Protein kinase A increases availability of calcium channels in smooth muscle cells from guinea pig basilar artery

We studied single Ca²⁺ channels in smooth muscle cells from the basilar artery of the guinea pig using conventional patch-clamp techniques. With 40 mM or 90 mM Ba²⁺ as the charge carrier, a 23-pS inward current channel was observed in 46/187 cell-attached patches studied without the dihydropyridine, BAY K8644, in the pipette solution. At 0 mV, this channel exhibited short and long openings with time constants of 1.03 and 3.65 ms, respectively. The probability of channel opening was voltage dependent with half-activation occurring at +9.9 mV. In 14/26 patches tested, addition of 8-bromo-cyclic adenosine monophosphate (8-Br-cAMP) to the bath increased the probability of opening at -10 mV by a factor of 2.6, from 0.0272±0.0429 to 0.0695±0.0788 (P <0.01, paired t-test). Mean data from five patches fit to a Boltzmann function indicated that at positive potentials, the probability of opening increased by a factor of 1.7, from 0.352 to 0.600, whereas the voltage dependence, the number of channels, the number of open states, the time constants of the open states, and the proportion of time spent in each open state were unchanged. When BAY K8644 was added to the pipette solution, the 23-pS channel was observed in nearly all patches (62/66), but the voltage dependence of activation was shifted –15.3 mV compared to control. In some patches studied with 90 mM Ba²⁺, a 9-pS inward current channel also was observed and its activity also was increased significantly by 8-Br-cAMP. When membrane patches were excised from the cell and studied in an inside-out configuration, single-channel activity due to the 23-pS channel lasted 1–3 min before being irreversibly lost, regardless of the presence of BAY K8644 in the pipette or of 8-Br-cAMP plus Mg · ATP and leupeptin in the bath.
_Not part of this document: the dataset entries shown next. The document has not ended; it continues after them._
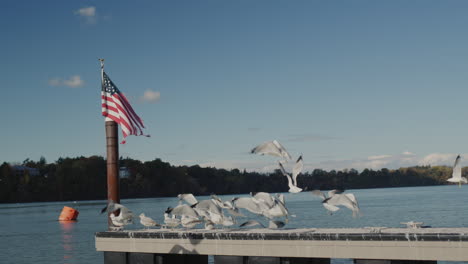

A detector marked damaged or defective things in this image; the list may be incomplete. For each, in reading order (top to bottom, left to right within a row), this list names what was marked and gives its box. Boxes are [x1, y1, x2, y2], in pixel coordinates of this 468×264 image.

rusty flagpole [99, 57, 119, 229]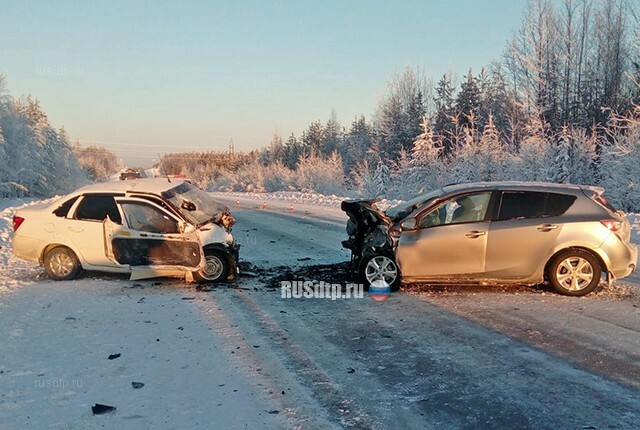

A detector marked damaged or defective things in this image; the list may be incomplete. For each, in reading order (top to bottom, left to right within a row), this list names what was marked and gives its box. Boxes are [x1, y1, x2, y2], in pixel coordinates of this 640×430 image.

shattered windshield [161, 181, 229, 227]
shattered windshield [382, 188, 442, 220]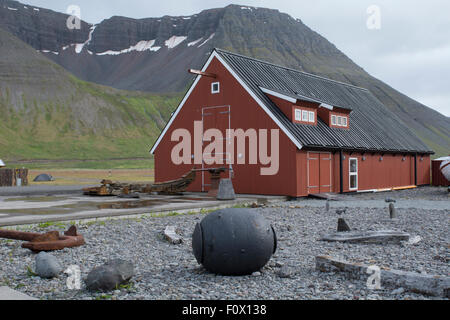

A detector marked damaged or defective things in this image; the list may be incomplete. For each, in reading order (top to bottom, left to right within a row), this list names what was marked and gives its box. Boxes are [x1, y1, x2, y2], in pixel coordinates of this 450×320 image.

rusted equipment [0, 225, 85, 252]
rusty anchor [0, 225, 85, 252]
rusted equipment [192, 208, 276, 276]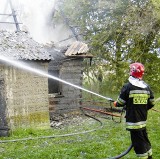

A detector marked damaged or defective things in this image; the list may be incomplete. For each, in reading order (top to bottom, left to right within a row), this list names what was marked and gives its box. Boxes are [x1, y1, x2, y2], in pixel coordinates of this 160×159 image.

damaged roof [0, 30, 51, 60]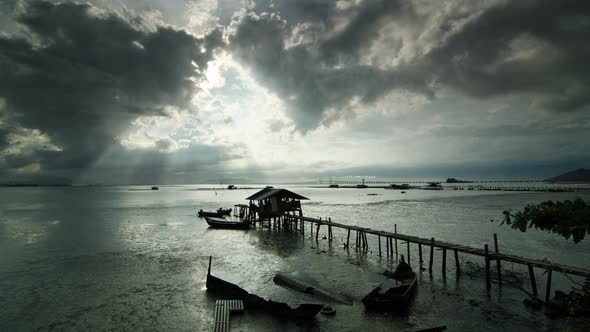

Subsequent addition of the catalytic subunit of protein kinase A (PKA_CS) did not restore Ca²⁺ channel activity. Conversely, when patches were excised into a solution already containing 8-Br-cAMP plus Mg · ATP, leupeptin and PKA_CS, channel activity was prominent and generally lasted until the seal was lost, or until the experiment was terminated at 30–45 min, unless protein kinase inhibitor also was present, in which case channel lifetime was short. Our findings indicate that availability of the L-type Ca²⁺ channel in basilar artery smooth muscle cells is increased by activation of cAMP-dependent protein kinase A, and that the (or one of the) phosphoprotein(s) involved may not be membrane bound.